* **PROBLEM TO SOLVE**
The records below are to be reproduced word for word.

┌────────

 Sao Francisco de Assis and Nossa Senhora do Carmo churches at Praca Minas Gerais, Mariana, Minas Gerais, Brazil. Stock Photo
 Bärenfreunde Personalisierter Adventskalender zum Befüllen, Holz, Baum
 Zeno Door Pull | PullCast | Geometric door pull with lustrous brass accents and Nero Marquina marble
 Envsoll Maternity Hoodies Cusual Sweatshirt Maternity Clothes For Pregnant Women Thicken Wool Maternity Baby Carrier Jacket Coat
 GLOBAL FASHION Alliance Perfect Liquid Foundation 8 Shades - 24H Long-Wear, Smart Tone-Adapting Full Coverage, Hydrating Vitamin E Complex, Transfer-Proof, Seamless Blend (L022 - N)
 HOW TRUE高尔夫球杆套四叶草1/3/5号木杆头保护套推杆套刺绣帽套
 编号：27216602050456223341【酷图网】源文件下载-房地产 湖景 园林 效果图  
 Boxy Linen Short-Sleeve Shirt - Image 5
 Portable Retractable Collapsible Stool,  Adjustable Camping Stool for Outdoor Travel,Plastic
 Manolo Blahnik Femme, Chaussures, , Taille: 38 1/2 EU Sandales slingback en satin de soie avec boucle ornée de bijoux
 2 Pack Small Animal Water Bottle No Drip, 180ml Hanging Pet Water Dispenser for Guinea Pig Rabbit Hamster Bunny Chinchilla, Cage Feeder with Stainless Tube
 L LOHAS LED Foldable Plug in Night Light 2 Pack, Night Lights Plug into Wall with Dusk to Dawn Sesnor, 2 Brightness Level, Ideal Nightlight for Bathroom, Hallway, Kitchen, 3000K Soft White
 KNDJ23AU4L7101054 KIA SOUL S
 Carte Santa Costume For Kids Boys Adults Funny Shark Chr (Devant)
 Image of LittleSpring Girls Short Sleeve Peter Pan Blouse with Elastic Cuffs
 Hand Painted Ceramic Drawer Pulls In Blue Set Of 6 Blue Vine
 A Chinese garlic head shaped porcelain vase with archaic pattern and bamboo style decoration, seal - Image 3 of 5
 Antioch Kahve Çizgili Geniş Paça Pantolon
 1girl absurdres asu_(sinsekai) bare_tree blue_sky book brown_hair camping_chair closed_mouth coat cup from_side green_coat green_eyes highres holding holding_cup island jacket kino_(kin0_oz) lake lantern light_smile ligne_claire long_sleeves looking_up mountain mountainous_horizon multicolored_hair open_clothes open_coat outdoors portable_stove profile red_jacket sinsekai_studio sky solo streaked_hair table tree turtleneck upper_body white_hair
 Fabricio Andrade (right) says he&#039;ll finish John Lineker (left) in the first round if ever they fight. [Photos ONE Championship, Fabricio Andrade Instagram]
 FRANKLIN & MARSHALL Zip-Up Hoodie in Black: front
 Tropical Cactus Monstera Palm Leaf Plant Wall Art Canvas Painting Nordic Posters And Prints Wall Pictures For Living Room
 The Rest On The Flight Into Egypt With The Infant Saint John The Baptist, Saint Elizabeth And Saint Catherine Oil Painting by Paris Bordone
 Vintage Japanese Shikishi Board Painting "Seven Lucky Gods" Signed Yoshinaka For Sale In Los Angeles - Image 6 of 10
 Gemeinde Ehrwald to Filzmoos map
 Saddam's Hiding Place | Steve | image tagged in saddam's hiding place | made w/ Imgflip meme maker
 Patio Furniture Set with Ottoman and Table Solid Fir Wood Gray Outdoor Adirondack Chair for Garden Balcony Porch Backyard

└────────

* **RESPONSE**
 Sao Francisco de Assis and Nossa Senhora do Carmo churches at Praca Minas Gerais, Mariana, Minas Gerais, Brazil. Stock Photo
 Bärenfreunde Personalisierter Adventskalender zum Befüllen, Holz, Baum
 Zeno Door Pull | PullCast | Geometric door pull with lustrous brass accents and Nero Marquina marble
 Envsoll Maternity Hoodies Cusual Sweatshirt Maternity Clothes For Pregnant Women Thicken Wool Maternity Baby Carrier Jacket Coat
 GLOBAL FASHION Alliance Perfect Liquid Foundation 8 Shades - 24H Long-Wear, Smart Tone-Adapting Full Coverage, Hydrating Vitamin E Complex, Transfer-Proof, Seamless Blend (L022 - N)
 HOW TRUE高尔夫球杆套四叶草1/3/5号木杆头保护套推杆套刺绣帽套
 编号：27216602050456223341【酷图网】源文件下载-房地产 湖景 园林 效果图  
 Boxy Linen Short-Sleeve Shirt - Image 5
 Portable Retractable Collapsible Stool,  Adjustable Camping Stool for Outdoor Travel,Plastic
 Manolo Blahnik Femme, Chaussures, , Taille: 38 1/2 EU Sandales slingback en satin de soie avec boucle ornée de bijoux
 2 Pack Small Animal Water Bottle No Drip, 180ml Hanging Pet Water Dispenser for Guinea Pig Rabbit Hamster Bunny Chinchilla, Cage Feeder with Stainless Tube
 L LOHAS LED Foldable Plug in Night Light 2 Pack, Night Lights Plug into Wall with Dusk to Dawn Sesnor, 2 Brightness Level, Ideal Nightlight for Bathroom, Hallway, Kitchen, 3000K Soft White
 KNDJ23AU4L7101054 KIA SOUL S
 Carte Santa Costume For Kids Boys Adults Funny Shark Chr (Devant)
 Image of LittleSpring Girls Short Sleeve Peter Pan Blouse with Elastic Cuffs
 Hand Painted Ceramic Drawer Pulls In Blue Set Of 6 Blue Vine
 A Chinese garlic head shaped porcelain vase with archaic pattern and bamboo style decoration, seal - Image 3 of 5
 Antioch Kahve Çizgili Geniş Paça Pantolon
 1girl absurdres asu_(sinsekai) bare_tree blue_sky book brown_hair camping_chair closed_mouth coat cup from_side green_coat green_eyes highres holding holding_cup island jacket kino_(kin0_oz) lake lantern light_smile ligne_claire long_sleeves looking_up mountain mountainous_horizon multicolored_hair open_clothes open_coat outdoors portable_stove profile red_jacket sinsekai_studio sky solo streaked_hair table tree turtleneck upper_body white_hair
 Fabricio Andrade (right) says he&#039;ll finish John Lineker (left) in the first round if ever they fight. [Photos ONE Championship, Fabricio Andrade Instagram]
 FRANKLIN & MARSHALL Zip-Up Hoodie in Black: front
 Tropical Cactus Monstera Palm Leaf Plant Wall Art Canvas Painting Nordic Posters And Prints Wall Pictures For Living Room
 The Rest On The Flight Into Egypt With The Infant Saint John The Baptist, Saint Elizabeth And Saint Catherine Oil Painting by Paris Bordone
 Vintage Japanese Shikishi Board Painting "Seven Lucky Gods" Signed Yoshinaka For Sale In Los Angeles - Image 6 of 10
 Gemeinde Ehrwald to Filzmoos map
 Saddam's Hiding Place | Steve | image tagged in saddam's hiding place | made w/ Imgflip meme maker
 Patio Furniture Set with Ottoman and Table Solid Fir Wood Gray Outdoor Adirondack Chair for Garden Balcony Porch Backyard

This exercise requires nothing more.